** WHAT YOU ARE ASKED TO DO **
Print again, word for word, all of the records below, and leave the pictures out.

Pictures with short captions:
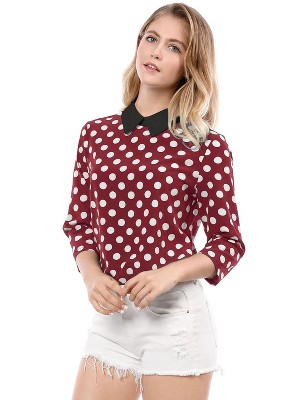 Red Polka Dot Blouse Women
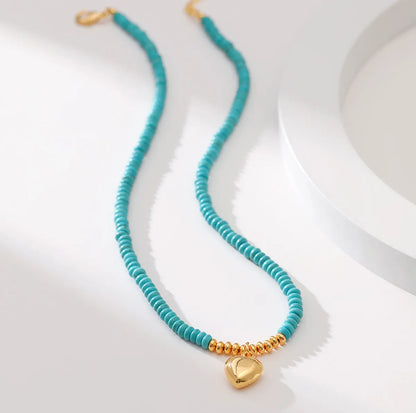 1 Piece Ethnic Style Heart Shape Turquoise Copper Plating Necklace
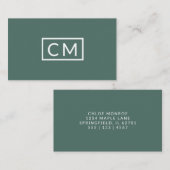 Mit Monogramm-modern Minimal Stilgrün Visitenkarte (Vorne/Hinten)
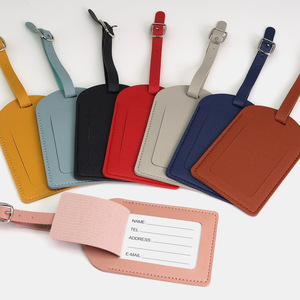 Custom PU Leather Aircraft Luggage Tag Flip Cover Luggage <b>Label</b> Color Choice <b>Suitcase</b> Decorations Business Welcome Gifts - Product Image 1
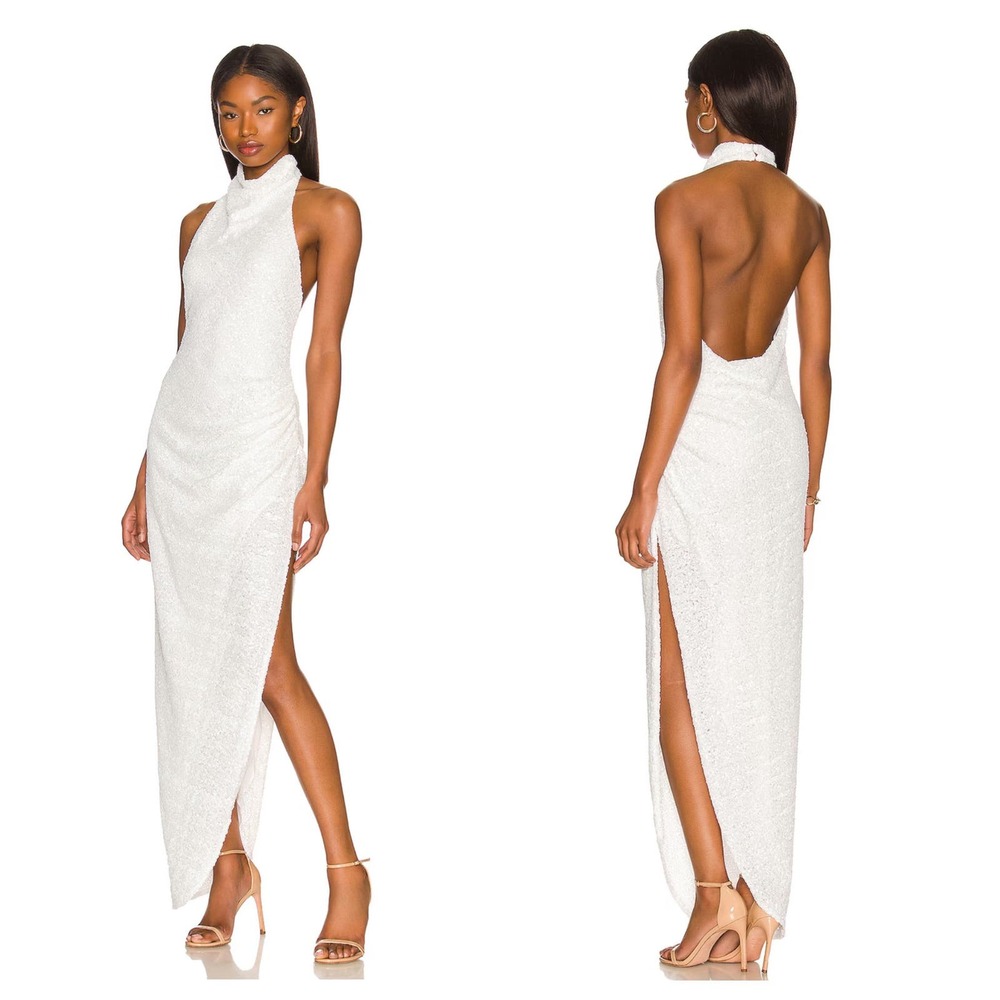 Amanda Uprichard REVOLVE Dress White Sequin Samba Maxi Halter S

** TASK RESULT **
 Red Polka Dot Blouse Women
 1 Piece Ethnic Style Heart Shape Turquoise Copper Plating Necklace
 Mit Monogramm-modern Minimal Stilgrün Visitenkarte (Vorne/Hinten)
 Custom PU Leather Aircraft Luggage Tag Flip Cover Luggage <b>Label</b> Color Choice <b>Suitcase</b> Decorations Business Welcome Gifts - Product Image 1
 Amanda Uprichard REVOLVE Dress White Sequin Samba Maxi Halter S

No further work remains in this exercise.